In an earlier post, I had briefly looked at the decision of the Supreme Court in M.R. Engineers v. Som Dutt Builders, on when an arbitration clause can be incorporated by reference. The Court had hinted that a special rule may apply in the case of standard form terms and conditions, when it said “A general reference to another contract will not be sufficient to incorporate the arbitration clause from the referred contract into the contract under consideration. There should be a special reference indicating a mutual intention to incorporate the arbitration clause from another document into the contract. The exception to the requirement of special reference is where the referred document is not another contract, but a standard form of terms and conditions of trade associations or regulatory institutions which publish or circulate such standard terms and conditions for the benefit of the members or others who want to adopt the same.”
In a recent decision in Malone v. British Airways, the UK Court of Appeal has elaborated on how principles of incorporation by reference apply in a non-arbitration context. Shantanu Naravane has summarised the decision here. The Court stressed, of course, on the intention of the parties; but the decision is interesting in that it indicates that the practical consequences of the decision to incorporate or not to incorporate the terms is an extremely useful indicator of what the parties intended. In a sense, this is an extension of the general principles of interpreting commercial contracts, where a businesslike interpretation will be preferred (see this post for a Bombay High Court decision on that issue).
However, Shantanu notes in his post that the Court of Appeal has also indicated that the nature of the agreement from which terms are being incorporated is irrelevant to whether they are binding between the parties to the contract into which they are being incorporated. In the context of arbitration, the test in M.R. Engineers would indicate that the character of the underlying document is indeed relevant – this seems to be the better view to take, given the general principles underlying the reasoning in M.R. Engineers. On a broader note, the clearest exposition of the principles of interpretation of commercial contracts is probably found in Lord Hoffman’s judgment in Investors Compensation Scheme v. West Bromwich Building Society,  1 All ER 98:
"… I think I should preface my explanation of my reasons with some general remarks about the principles by which contractual documents are nowadays construed. I do not think that the fundamental change which has overtaken this branch of the law, particularly as a result of the speeches of Lord Wilberforce in Prenn v. Simmonds  1 W.L.R. 1381, 1384-1386 and Reardon Smith Line Ltd. v. Yngvar Hansen-Tangen  1 W.L.R. 989, is always sufficiently appreciated. The result has been, subject to one important exception, to assimilate the way in which such documents are interpreted by judges to the common sense principles by which any serious utterance would be interpreted in ordinary life. Almost all the old intellectual baggage of "legal" interpretation has been discarded. The principles may be summarised as follows:
(1) Interpretation is the ascertainment of the meaning which the document would convey to a reasonable person having all the background knowledge which would reasonably have been available to the parties in the situation in which they were at the time of the contract.

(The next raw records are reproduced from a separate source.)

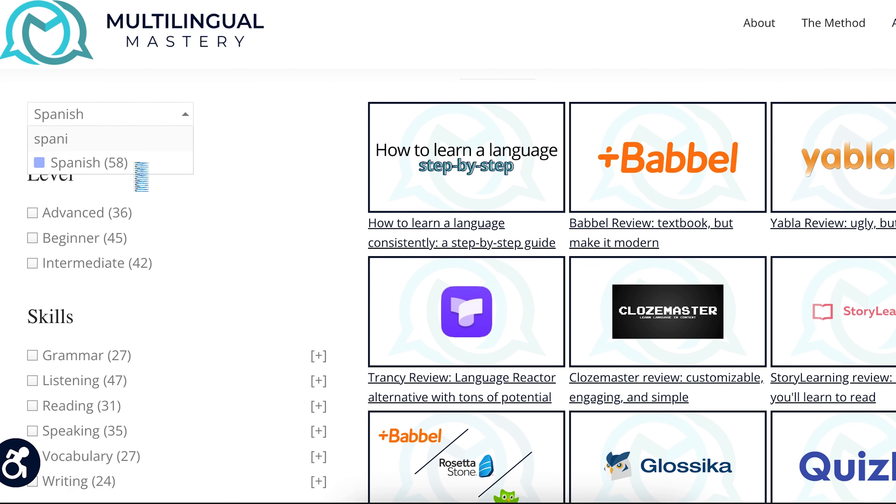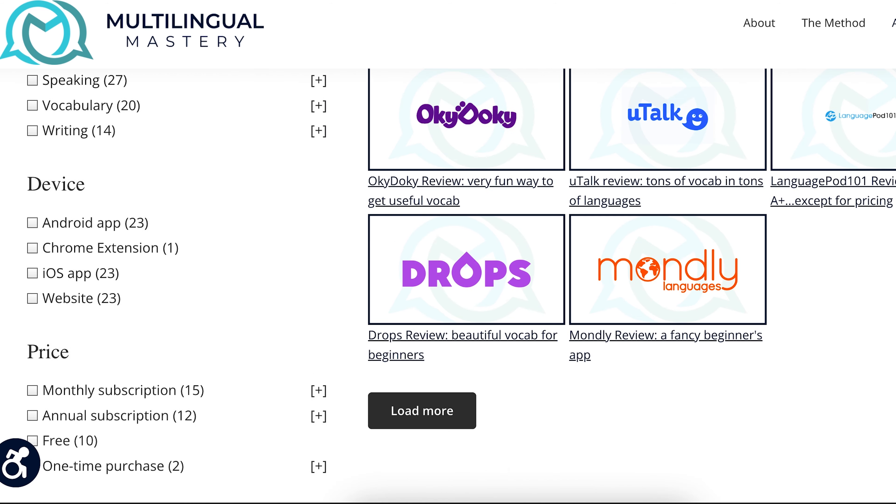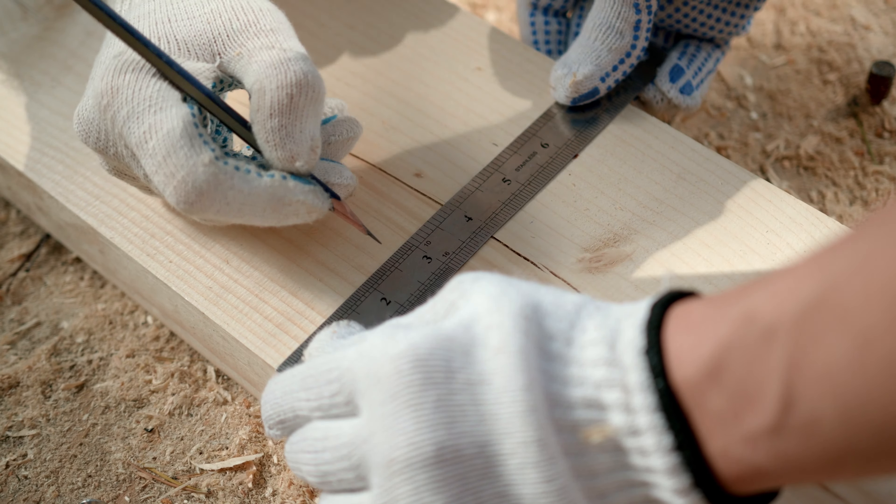If you're looking for beginner language apps, I would recommend using my language app search link below in the description, where you can choose your target language and level and get a whole bunch of resources. At the beginner level, you're focused on learning simple basic words and grammar — the building blocks of the language. You're not at comprehensible input yet. Once you start feeling more confident and more aware of the language, then we can talk about comprehensible input, because that is intermediate stuff.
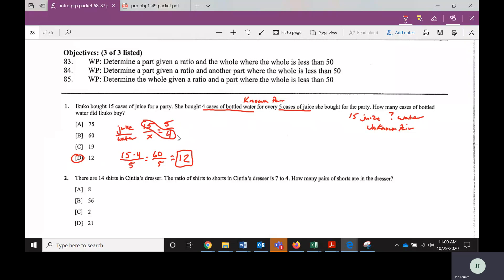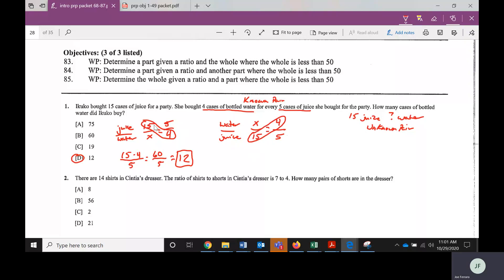Let's do this a second way to show it doesn't matter. Someone else sets up comparing water and juice instead. Their unknown pair: we don't know the water that goes with 15 juice. Their known pair: four cases of water goes with five cases of juice. It looks different, but cross-multiply-divide gives the same result — the diagonal still has 15 and four, divide by five, still equals 12. Just to show you it can be done both ways.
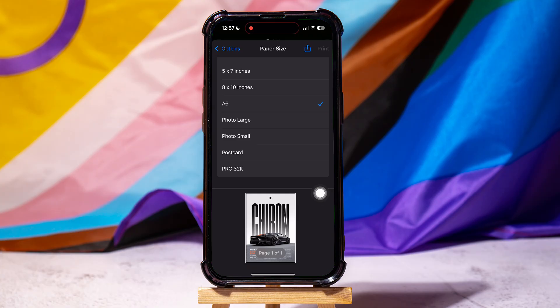Once you're done, tap on Print at the top right corner. Following these steps, you can easily change a picture print size on iPhone.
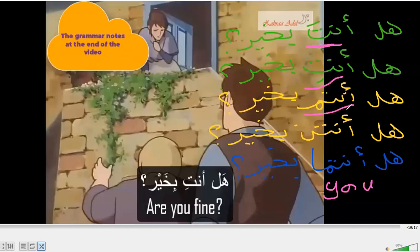'Antum' means 'you' plural masculine, 'antunna' for plural feminine, and 'antuma' for the dual form — just for two people. So all of these mean 'are you fine?' or 'are you okay?'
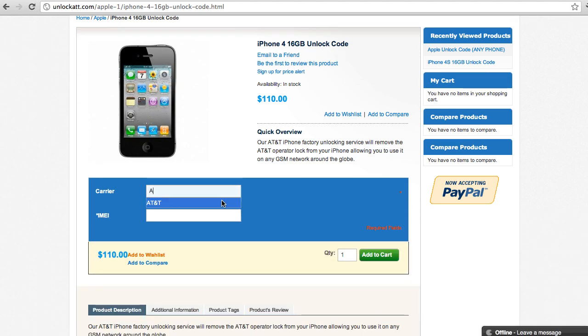I'm going to use AT&T. And we're going to type in the IMEI number here. If you don't know your IMEI number, you can just dial asterisk pound zero six pound from your iPhone and your IMEI number will appear on the screen.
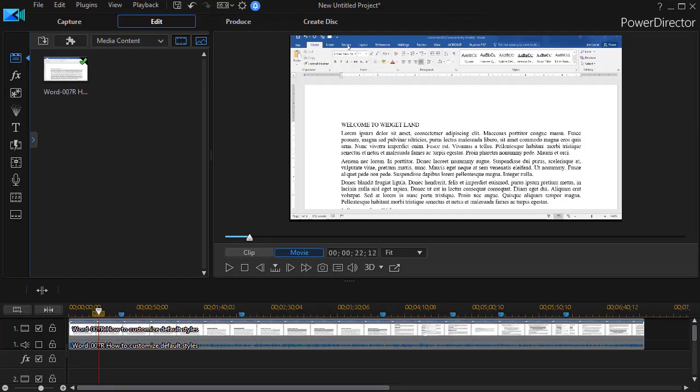In this tutorial in CyberLink PowerDirector, we're going to show you how to use the PIP objects that are part of the new Tutorial Creator effect package in order to highlight places on your screen when doing a tutorial.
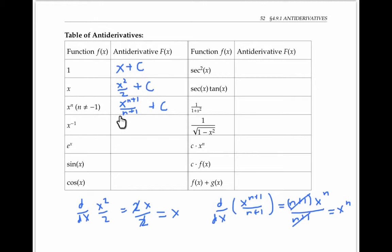This rule doesn't apply when n equals negative 1 — notice that we'd be dividing by zero if n were negative 1. But we can handle that case separately. Since x to the negative 1 is 1 over x, we recognize that the antiderivative of 1 over x is ln of the absolute value of x plus C, since the derivative of ln of the absolute value of x is 1 over x.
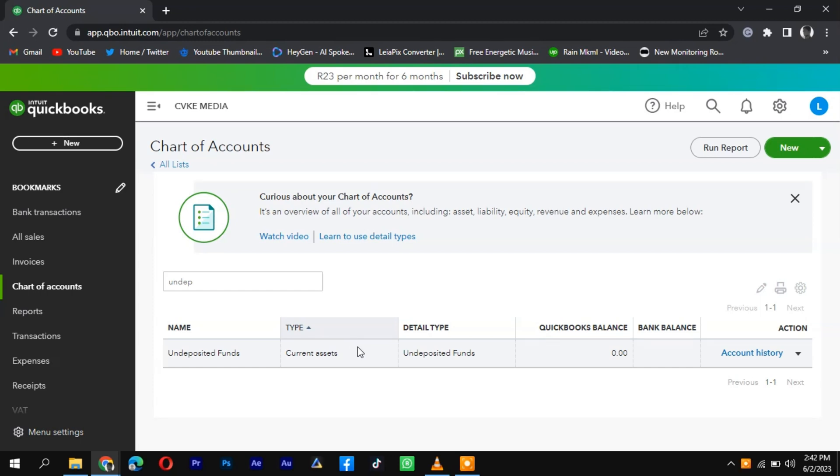This helps ensure accurate tracking of your financial transactions and keeps your records organized.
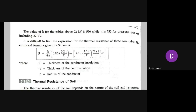It is difficult to derive the expression for thermal resistance of a three core cable analytically. The empirical formula given by scientist Simon is: S = (k/6π) · [0.85 + 0.2·(t/T)] + (T + t)/R + 1, where capital T is the thickness of conductor insulation, small t is the thickness of belt insulation, and small r is the radius of the conductor.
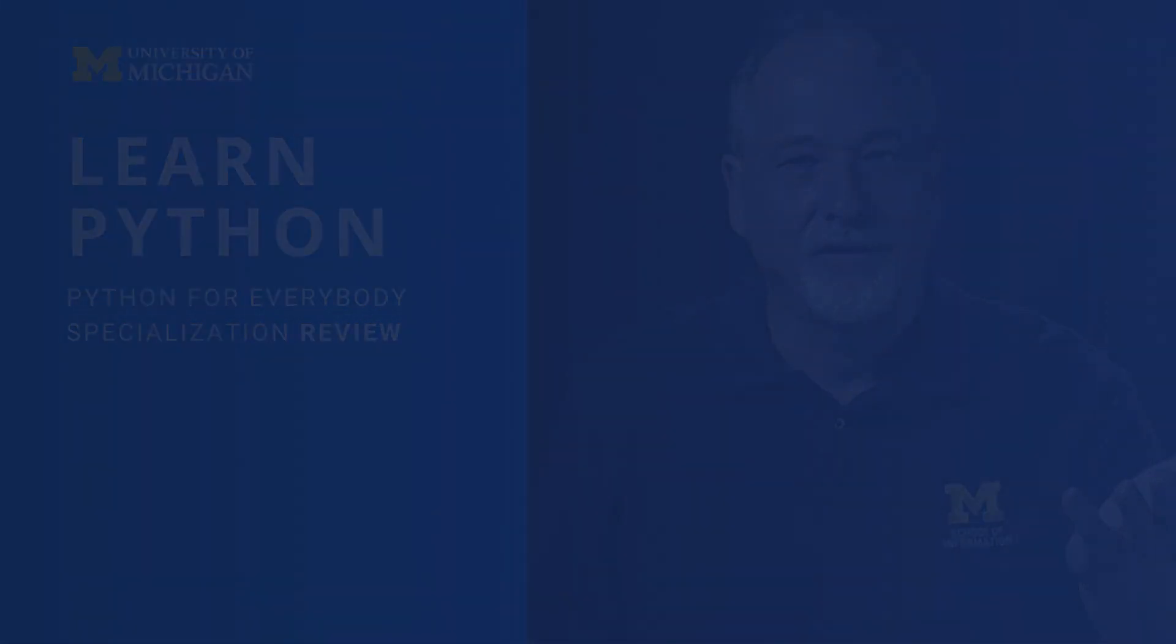Hi! Do you want to learn Python? You've come to the right place. I'm going to give you a review of a super popular course, actually a specialization, offered on Coursera.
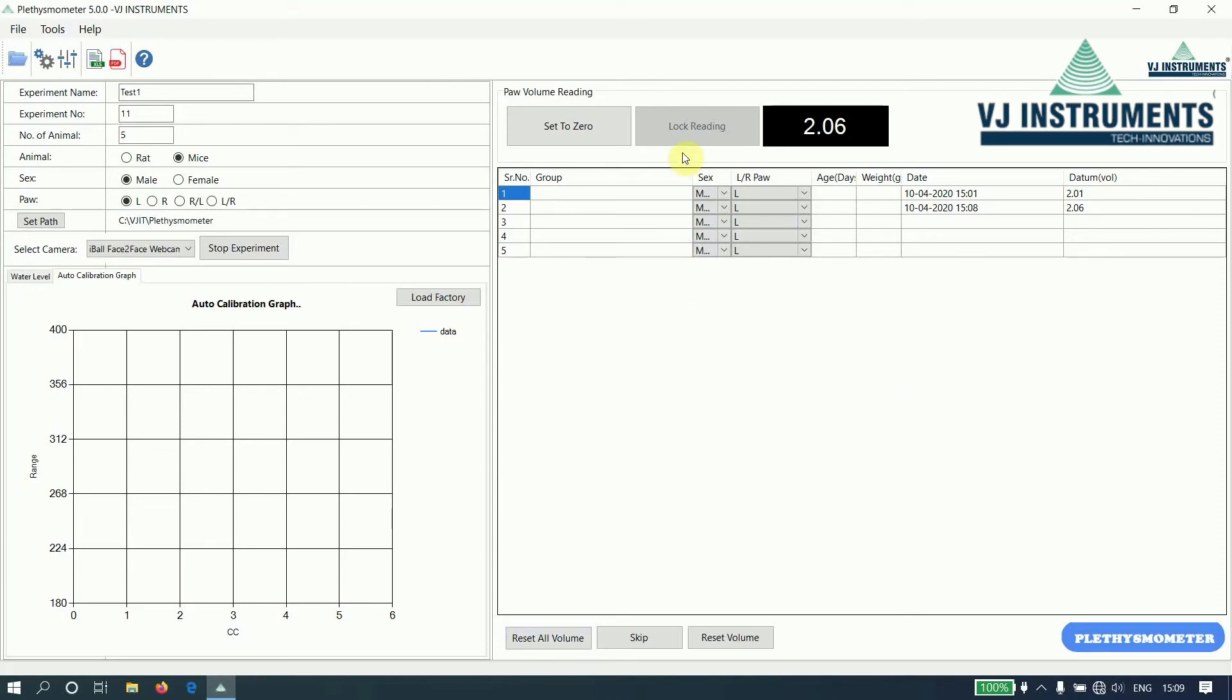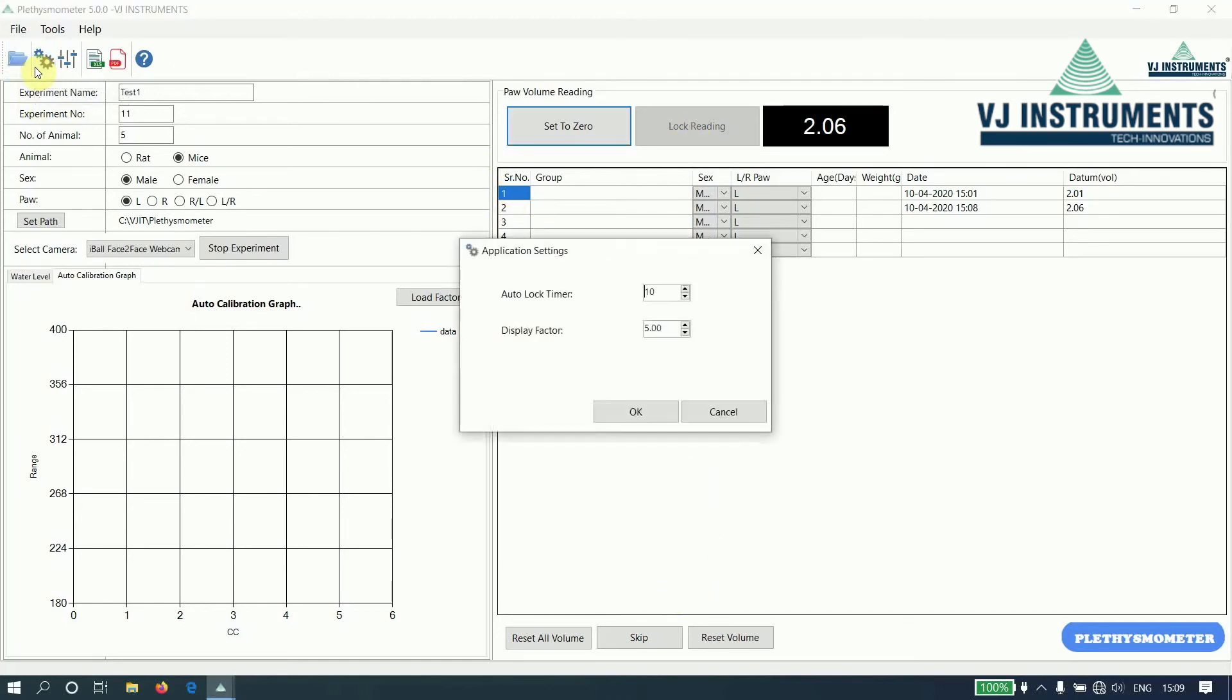The lock reading timer can be changed in application settings. By default, it is set to 10 seconds. We can change it here.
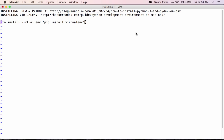In terms of installing Brew and Python 3, you can take a look at this link up here, which I'll also include in the blog and the YouTube notes. And then this here will tell you how to install virtualenv — it's really just this command: pip install virtualenv.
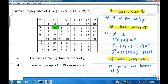Then 3 to the power 3 is 3 star 3 star 3, which is 9 star 3, and you get 7. And 3 to the power 4 is 3 star 3 star 3 star 3, which is 7 star 3, you get 1. So 3 to the power 4 is 1. Therefore, 3 has order 4.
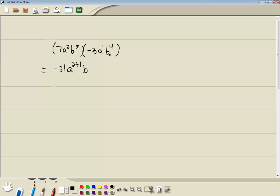And b to a power times b to a power. Again, if you have b to a power times b to a power, you add the exponents. So we're going to have b to the 5 plus 4.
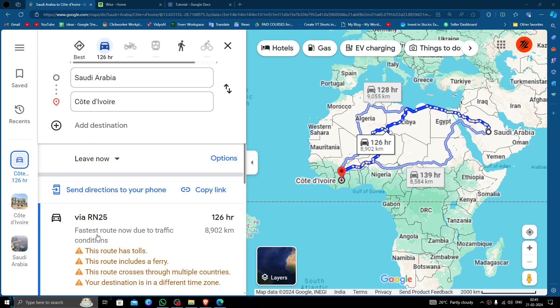Hello and welcome back to my channel. In today's video, I will show you how to transfer money from Saudi Arabia to Cote d'Ivoire quickly and cheaply using Wise.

(2) The background was famously referred to by Lord Wilberforce as the "matrix of fact," but this phrase is, if anything, an understated description of what the background may include. Subject to the requirement that it should have been reasonably available to the parties and to the exception to be mentioned next, it includes absolutely anything which would have affected the way in which the language of the document would have been understood by a reasonable man.
(3) The law excludes from the admissible background the previous negotiations of the parties and their declarations of subjective intent. They are admissible only in an action for rectification. The law makes this distinction for reasons of practical policy and, in this respect only, legal interpretation differs from the way we would interpret utterances in ordinary life. The boundaries of this exception are in some respects unclear. But this is not the occasion on which to explore them.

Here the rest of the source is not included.